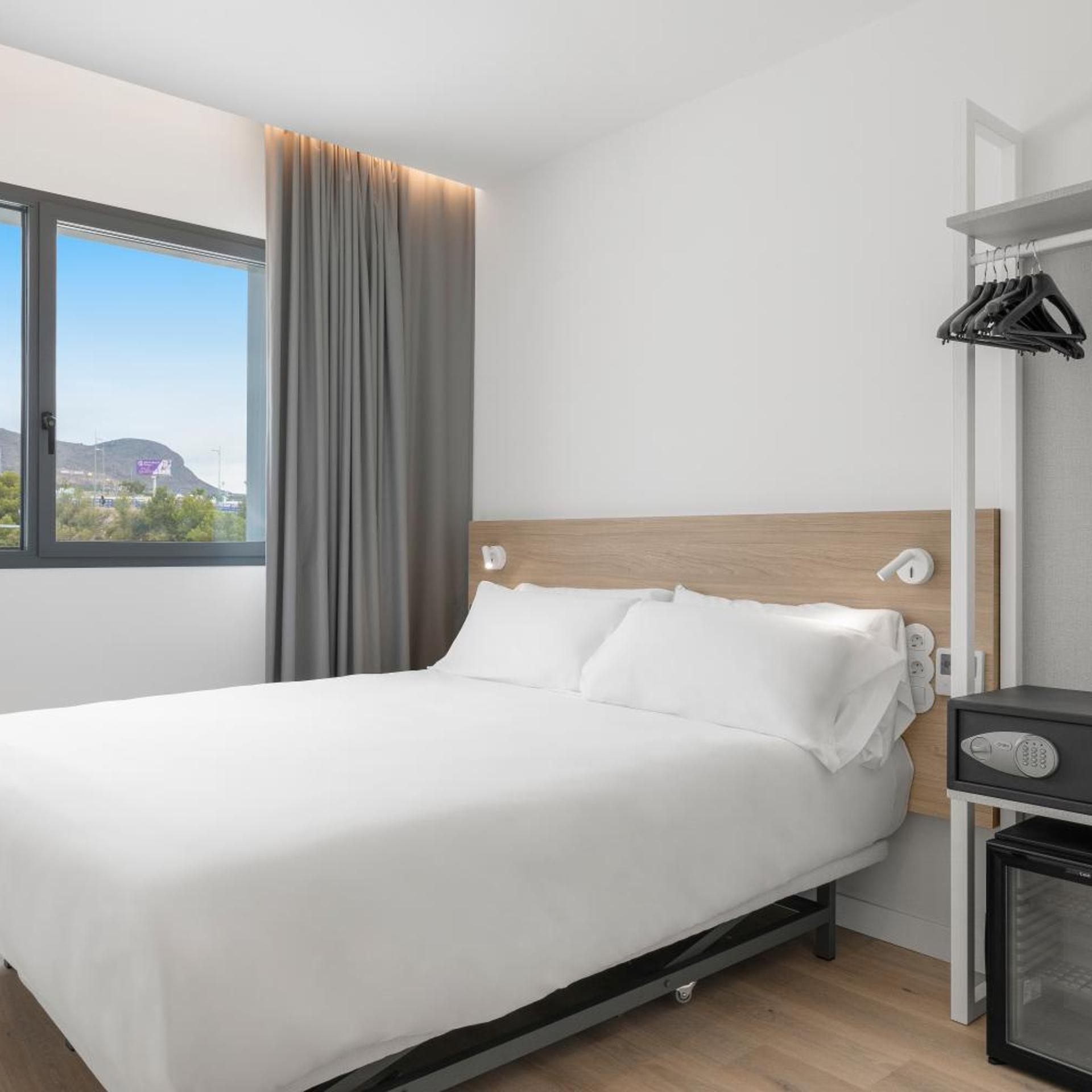 Room at B&B HOTEL Finestrat, FINESTRAT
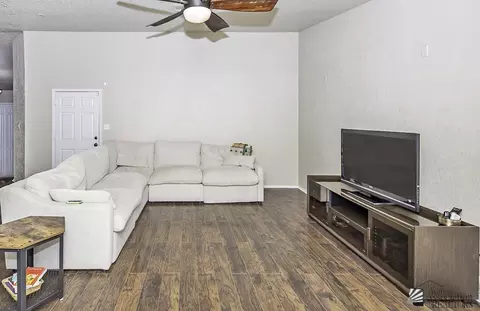 Living - 6353 E 44th Pl, Yuma, AZ 85365 photo 1 of 3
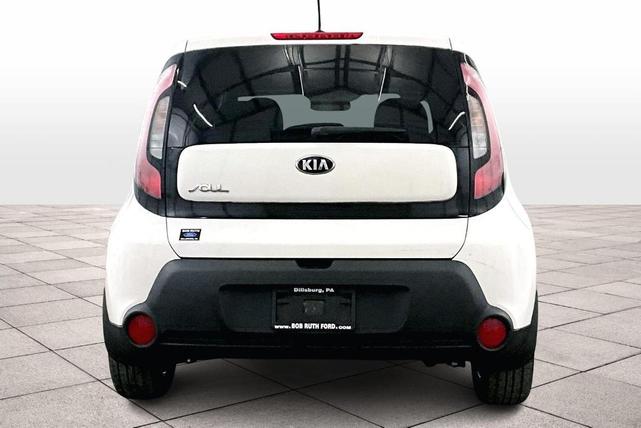 Photo of 2016 Clear White Kia Soul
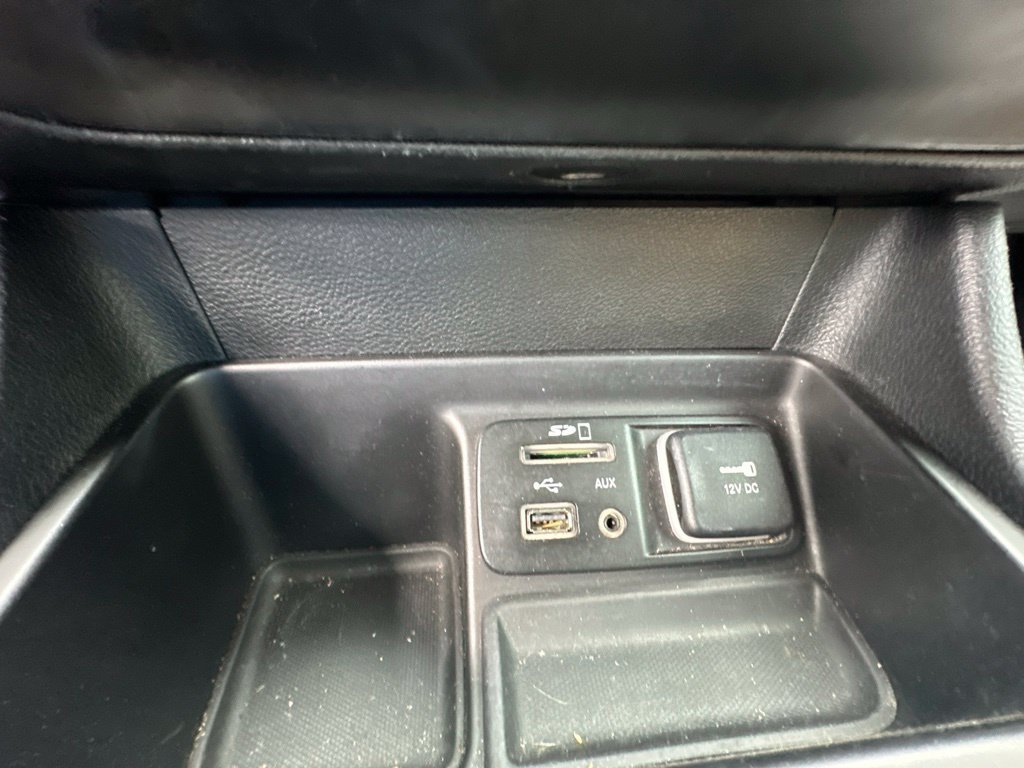 Used 2017 Jeep Cherokee Limited w/ Luxury Group FWD image 7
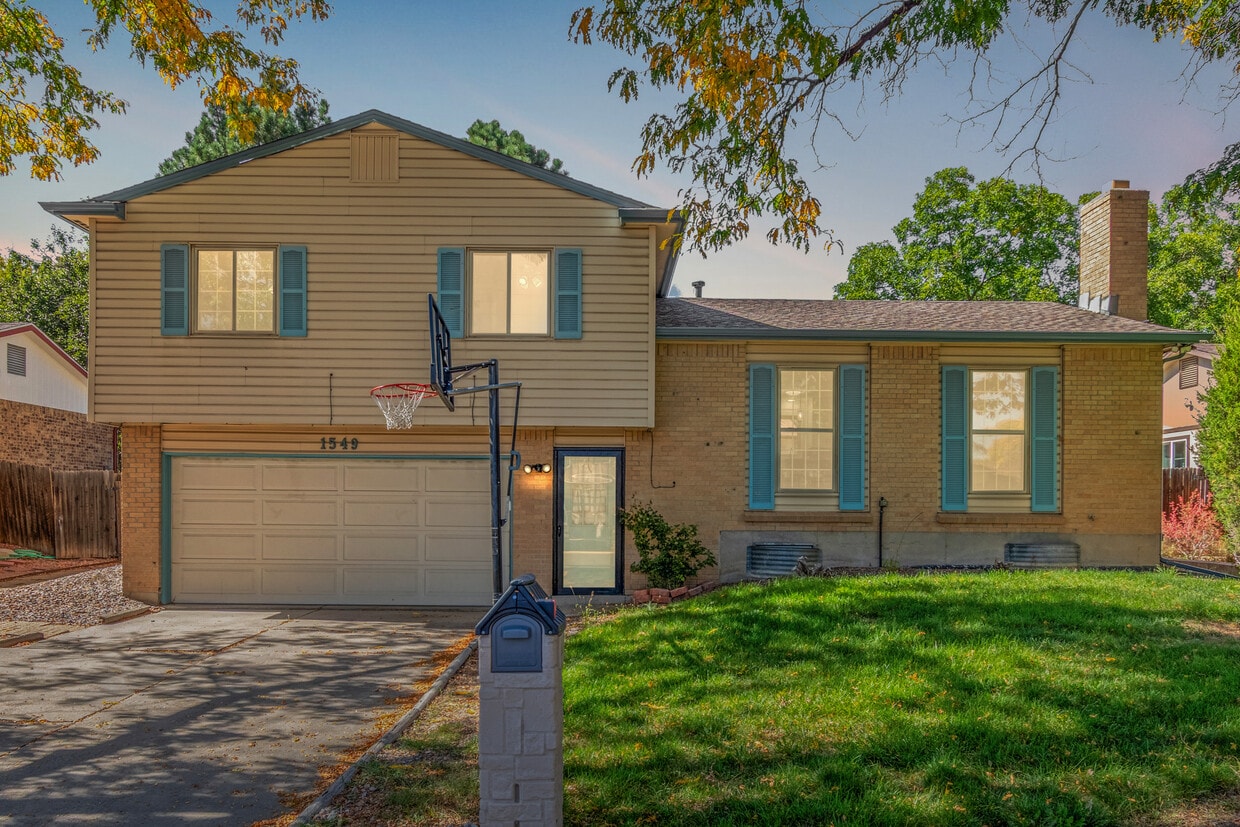 Foto principal - 1549 S Evanston St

-=-=-

- [Task brief]: Reproduce all entries exactly. Pictures do not belong in the copy.

- [Output of the task]:
 Room at B&B HOTEL Finestrat, FINESTRAT
 Living - 6353 E 44th Pl, Yuma, AZ 85365 photo 1 of 3
 Photo of 2016 Clear White Kia Soul
 Used 2017 Jeep Cherokee Limited w/ Luxury Group FWD image 7
 Foto principal - 1549 S Evanston St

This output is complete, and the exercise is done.